#### WHAT IS EXPECTED
Retype all data exactly as given. Pictures should not be retyped.

[Opening GIVEN INFORMATION section]

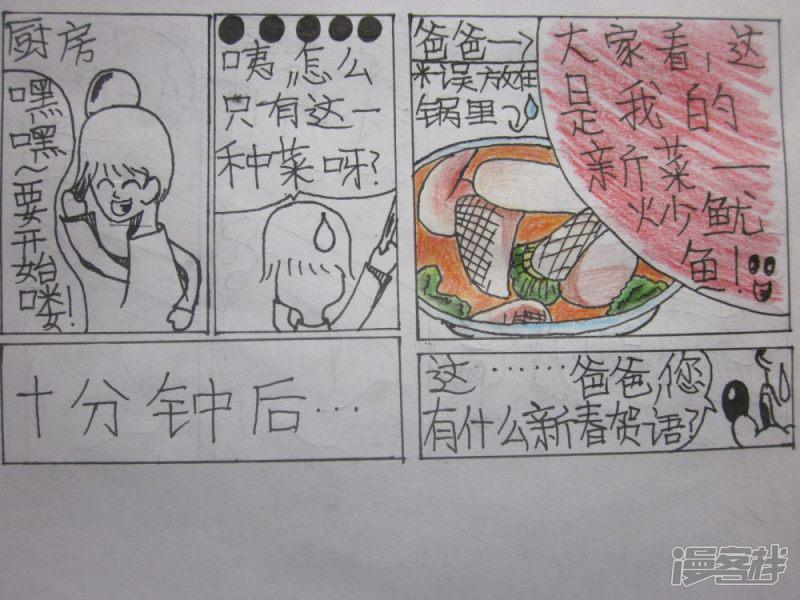 伪娘王道-枫漫画系列-第六回（上）全彩韩漫标签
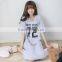 Female Model of Grey Number Printed Nightgown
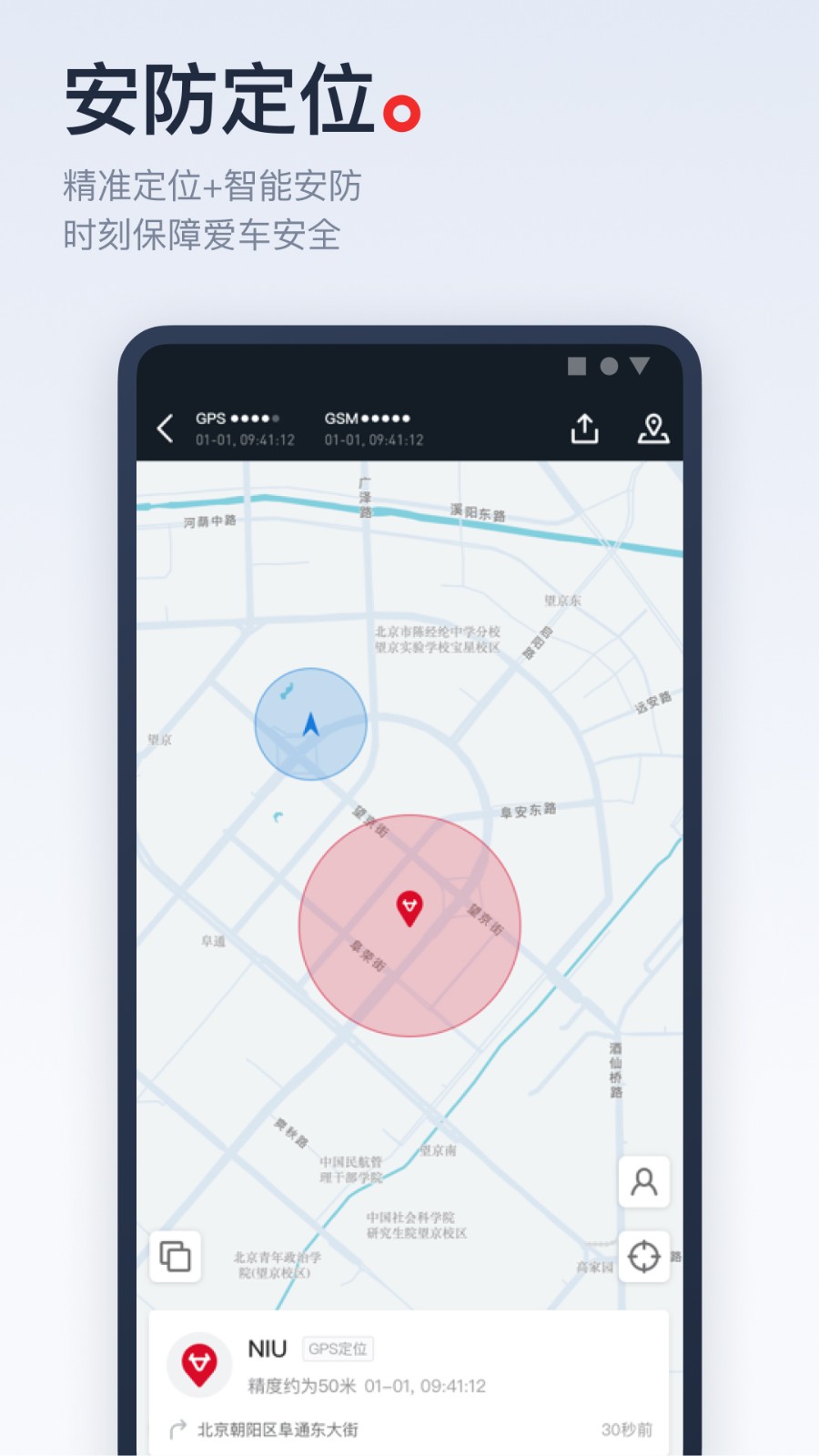 Сţ�綯��app���ذ�װ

[Closing GIVEN INFORMATION section]

#### RESPONSE BELOW
 伪娘王道-枫漫画系列-第六回（上）全彩韩漫标签
 Female Model of Grey Number Printed Nightgown
 Сţ�綯��app���ذ�װ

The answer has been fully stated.